© 2002 by European Society of Cardiology
Copyright © 2002, European Society of Cardiology
Cardiac function and electrical remodeling of the calcineurin-overexpressed transgenic mouse
aInstitute of Molecular Pharmacology and Biophysics, Department of Surgery, Cardiovascular Research Center, University of Cincinnati, 231 Albert Sabin Way, Cincinnati, OH 45267, USA
bDepartment of Pharmacology and Cell Biophysics, University of Cincinnati, 231 Albert Sabin Way, Cincinnati, OH 45267, USA
cDepartment of Pediatrics, Children's Hospital Medical Center, 3333 Burnet Ave., Cincinnati, OH 45229, USA
schwara{at}email.uc.edu
* Corresponding author. Tel.: +1-513-558-2400; fax: +1-513-558-1778
Objective: To study the specificity of contractile phenotype and electrophysiological remodeling in transgenic (Tg) mice with cardiac directed calcineurin (phosphatase 2B) overexpression and evaluate a possible negative role of chronically activated calcineurin in β-adrenergic mediated contractile response. Methods: The patch-clamp technique was used to characterize electrophysiological properties of action potentials and inward rectifier (IK1), and transient outward potassium currents (Ito).

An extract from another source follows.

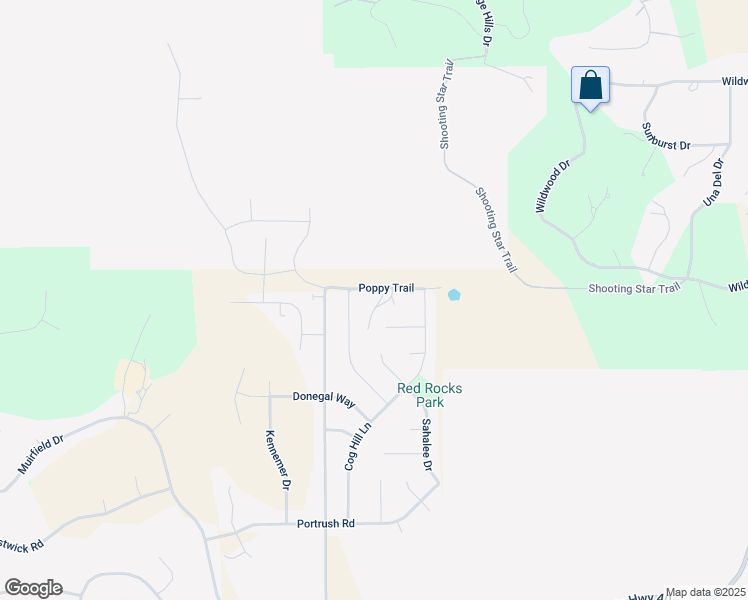 map of restaurants, bars, coffee shops, grocery stores, and more near 6203 Poppy Court in Rapid City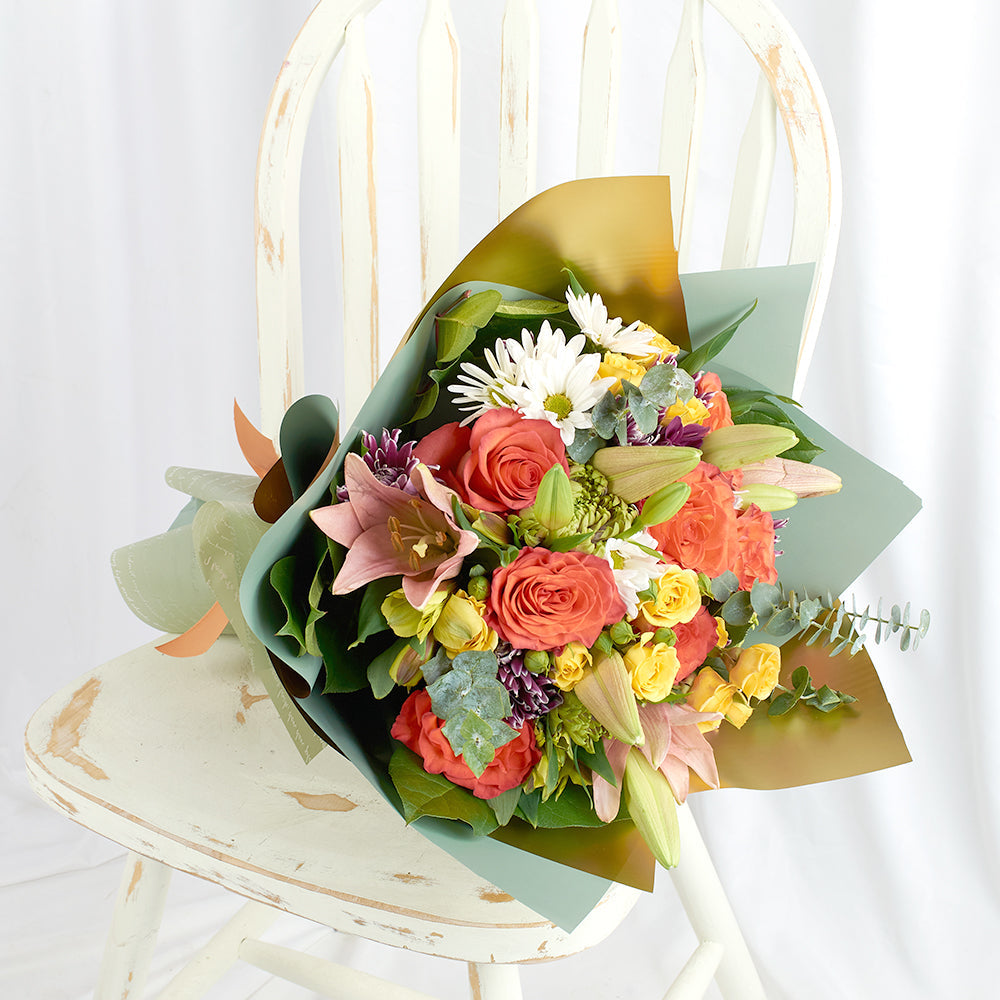 Love In Casablanca Mixed Rose Bouquet from Connecticut Blooms - Mixed Flower Gift - Connecticut Delivery.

The analysis of the contractile performance was carried out on isolated retrograde perfused hearts at constant aortic pressure. Results: Tg mice demonstrated a hypercontractile phenotype characterized by a profound β-adrenergic hypo-responsiveness at 2.0 mM [Ca2+]o. Transgenic cardiomyocytes showed marked action potential prolongation (209% in APD90) with increased Ito,peak and Isus and decreased protein expression level of Kv1.5 and Kv2.1. Lowering [Ca2+]o to 0.75 mM restored the β-adrenergic response, indicating that the calcineurin/calmodulin/adenylyl cyclase (AC) pathway may not be directly responsible for the blunted β-adrenoreceptor mediated inotropism. Conclusions: Calcineurin overexpression leads to development of a hyperdynamic phenotype with a cellular profile of increased calcium influx. This type of functional hypertrophic remodeling is accompanied by a negative feedback regulation between increased calcium handling and β-adrenergic contractile activation.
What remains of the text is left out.